Our courts have held that the statute goes further than merely establishing a presumption "in that it expressly places upon the defendant the burden of introducing evidence to rebut the presumption created by the statute. Moreover, the presumption is not ousted simply by the introduction of any evidence to the contrary. Indeed, . . . [t]he presumption ceases to be operative [only] when the trier finds proven facts which fairly put in issue the question . . . if no evidence relevant to the issue is produced, or, if the countervailing evidence is produced but the trier does not believe it, the presumption applies and the plaintiff is entitled to have the issue found in his favor." (Citation omitted; internal quotation marks omitted.) Jancura v. Szwed, 176 Conn. 285, 290, 407 A.2d 961 (1978). Thus, not only must there be evidence which rebuts the presumption, but such evidence must be credited by the trier of fact. Dunbar v. Mutone, Docket No. CV000377051S, judicial district of Fairfield at Bridgeport (October 24, 2002, Rush, J.).
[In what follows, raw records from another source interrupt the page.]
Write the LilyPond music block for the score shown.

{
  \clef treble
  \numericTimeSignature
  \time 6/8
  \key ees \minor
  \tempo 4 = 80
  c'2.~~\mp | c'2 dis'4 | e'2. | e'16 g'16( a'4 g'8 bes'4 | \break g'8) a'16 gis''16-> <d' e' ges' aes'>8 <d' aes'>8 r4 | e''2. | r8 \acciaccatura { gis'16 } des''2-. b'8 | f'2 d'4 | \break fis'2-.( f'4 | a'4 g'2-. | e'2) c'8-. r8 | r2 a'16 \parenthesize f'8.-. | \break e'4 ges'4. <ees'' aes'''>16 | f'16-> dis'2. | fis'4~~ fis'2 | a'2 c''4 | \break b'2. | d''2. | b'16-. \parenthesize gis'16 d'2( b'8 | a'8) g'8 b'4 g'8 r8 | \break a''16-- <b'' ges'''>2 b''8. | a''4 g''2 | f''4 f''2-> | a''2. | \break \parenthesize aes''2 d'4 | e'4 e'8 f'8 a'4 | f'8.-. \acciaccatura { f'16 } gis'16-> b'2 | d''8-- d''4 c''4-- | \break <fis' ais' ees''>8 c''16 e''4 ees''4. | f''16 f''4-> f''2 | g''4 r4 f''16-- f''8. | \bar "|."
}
In considering a motion for summary judgment, it is not the court's function to decide material facts or determine the credibility of evidence. See Nolan v. Borkowski, 206 Conn. 495 (1988). However, summary judgment is appropriate "if a fair and reasonable person could conclude only one way." Miller v. United Technologies Corp., 233 Conn. 732, 751 (1995), and the proper test has often been described as whether the evidence is such as to require a directed verdict. Id., 752. A verdict may be directed when the evidence, even when viewed in the light most favorable to the party opposing the motion, can only lead to the "conclusion . . ., embodied in the verdict as directed." United Oil Co. v. Urban Redevelopment Commission, 158 Conn. 364, 380 (1969).
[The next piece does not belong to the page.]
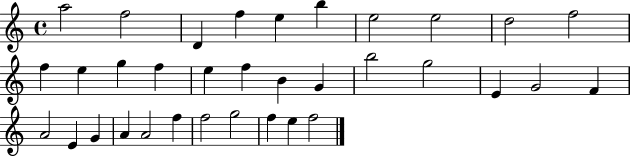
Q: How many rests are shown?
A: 0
This court is aware of the language of the Supreme Court decisions cited earlier to the effect that the facts rebutting the presumption of agency must be "proven." Nevertheless, when credibility is not at issue and the proof contravening the presumption is such that a jury could not find otherwise, summary judgment is appropriate. The Supreme Court explicitly recognized that there was a basis for a directed verdict when there was rebuttal evidence of such a nature that it could not rationally be disbelieved See Fletcher v. Stoleson, Docket No. CV000177740S, judicial district of Stamford/Norwalk at Stamford (March 11, 2002, Rogers, J.) [ 31 Conn. L. Rptr. 518]. No rational jury could disbelieve the unchallenged and overwhelming evidence that there was no agency and/or family doctrine relationship between John Wargo and DosSantos at the time of the accident. Therefore, there is no genuine issue of material fact regarding the lack of an agency relationship. In the absence of such a relationship there is no basis for holding DosSantos liable for the accident.
Accordingly, DosSantos's motion for summary judgment is granted.